Institute of Cell Biology, Zhejiang University, Hangzhou 310058, China.
Int J Biol Sci. 2012;8(6):901-12. doi: 10.7150/ijbs.4554. Epub 2012 Jun 22.
Oridonin (ORI) could inhibit the proliferation and induce apoptosis in various cancer cell lines. However, the mechanism is not fully understood.
Human prostate cancer (HPC) cells were cultured in vitro and cell viability was detected by the CCK-8 assay. The ultrastructure changes were observed under transmission electron microscope (TEM). Chemical staining with acridine orange (AO), MDC or DAPI was used to detect acidic vesicular organelles (AVOs) and alternation of DNA. Expression of LC3 and P21 was detected by Western Blot. Apoptotic rates and cell cycle arrest were detected by FACS.
Our study demonstrated that after ORI treatment, the proliferations of human prostate cancer (HPC) cell lines PC-3 and LNCaP were inhibited in a concentration and time-dependent manner. ORI induced cell cycle arrest at the G2/M phase. A large number of autophagosomes with double-membrane structure and acidic vesicular organelles (AVOs) were detected in the cytoplasm of HPC cells treated with ORI for 24 hours. ORI resulted in the conversion of LC3-I to LC3-II and recruitment of LC3-II to the autophagosomal membranes. Autophagy inhibitor 3-methyladenine (3-MA) reduced AVOs formation and inhibited LC3-I to LC3-II conversion. At 48 h, DNA fragmentation, chromatin condensation and disappearance of surface microvilli were detected in ORI-treated cells. ORI induced a significant increase in the number of apoptotic cells (PC-3: 5.4% to 27.0%, LNCaP: 5.3% to 31.0%). Promoting autophagy by nutrient starvation increased cell viability, while inhibition of autophagy by 3-MA promoted cell death. The expression of P21 was increased by ORI, which could be completely reversed by the inhibition of autophagy.
Our findings indicated that autophagy occurred before the onset of apoptosis and protected cancer cells in ORI-treated HPC cells. P21 was involved in ORI-induced autophagy and apoptosis. Our results provide an experimental basis for understand the anti-tumor mechanism of ORI as treatment for prostate cancer.
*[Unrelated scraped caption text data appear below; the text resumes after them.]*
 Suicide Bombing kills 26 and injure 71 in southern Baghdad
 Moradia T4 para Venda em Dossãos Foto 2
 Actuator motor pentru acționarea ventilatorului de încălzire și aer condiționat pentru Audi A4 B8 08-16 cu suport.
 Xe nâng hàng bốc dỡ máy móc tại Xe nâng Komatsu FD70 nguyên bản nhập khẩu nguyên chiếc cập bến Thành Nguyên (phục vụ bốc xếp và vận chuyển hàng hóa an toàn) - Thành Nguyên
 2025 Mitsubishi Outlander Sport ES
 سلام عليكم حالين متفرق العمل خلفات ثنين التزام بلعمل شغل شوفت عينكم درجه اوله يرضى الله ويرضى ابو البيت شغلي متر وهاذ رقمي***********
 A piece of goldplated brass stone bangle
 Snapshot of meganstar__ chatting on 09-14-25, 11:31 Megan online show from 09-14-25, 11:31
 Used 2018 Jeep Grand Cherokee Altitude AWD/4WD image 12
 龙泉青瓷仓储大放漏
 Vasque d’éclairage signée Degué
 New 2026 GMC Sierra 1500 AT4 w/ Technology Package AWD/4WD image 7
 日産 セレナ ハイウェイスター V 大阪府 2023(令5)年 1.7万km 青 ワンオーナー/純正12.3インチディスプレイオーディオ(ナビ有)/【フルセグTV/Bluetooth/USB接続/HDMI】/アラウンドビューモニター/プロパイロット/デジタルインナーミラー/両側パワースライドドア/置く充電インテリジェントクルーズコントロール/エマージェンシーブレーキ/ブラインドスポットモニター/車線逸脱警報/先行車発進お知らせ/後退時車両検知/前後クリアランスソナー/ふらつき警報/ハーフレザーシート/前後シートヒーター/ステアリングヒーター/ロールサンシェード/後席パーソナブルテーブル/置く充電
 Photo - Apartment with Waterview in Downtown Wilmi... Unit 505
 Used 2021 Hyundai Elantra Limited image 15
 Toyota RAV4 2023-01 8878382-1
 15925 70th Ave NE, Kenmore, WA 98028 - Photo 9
冬凌草甲素(ORI)可抑制多种癌细胞系的增殖并诱导细胞凋亡。然而,其机制尚不完全清楚。
体外培养人前列腺癌细胞(HPC),用 CCK-8 法检测细胞活力。用透射电子显微镜(TEM)观察超微结构变化。用吖啶橙(AO)、MDC 或 DAPI 化学染色检测酸性囊泡细胞器(AVOs)和 DNA 改变。用 Western Blot 检测 LC3 和 P21 的表达。用 FACS 检测细胞凋亡率和细胞周期阻滞。
本研究表明,ORI 处理后,人前列腺癌细胞系 PC-3 和 LNCaP 的增殖呈浓度和时间依赖性抑制。ORI 诱导细胞周期阻滞于 G2/M 期。在 ORI 处理 24 小时的 HPC 细胞的细胞质中,检测到大量具有双层膜结构和酸性囊泡细胞器(AVOs)的自噬体。ORI 导致 LC3-I 转化为 LC3-II,并募集 LC3-II 到自噬体膜上。自噬抑制剂 3-甲基腺嘌呤(3-MA)减少 AVOs 形成并抑制 LC3-I 转化为 LC3-II。在 48 小时时,在 ORI 处理的细胞中检测到 DNA 片段化、染色质浓缩和表面微绒毛消失。ORI 诱导凋亡细胞数量显著增加(PC-3:5.4%至 27.0%,LNCaP:5.3%至 31.0%)。营养饥饿促进自噬可增加细胞活力,而 3-MA 抑制自噬可促进细胞死亡。ORI 增加 P21 的表达,该表达可被自噬抑制完全逆转。
我们的研究结果表明,自噬发生在凋亡开始之前,并在 ORI 处理的 HPC 细胞中保护癌细胞。P21 参与 ORI 诱导的自噬和凋亡。我们的结果为理解 ORI 作为前列腺癌治疗药物的抗肿瘤机制提供了实验依据。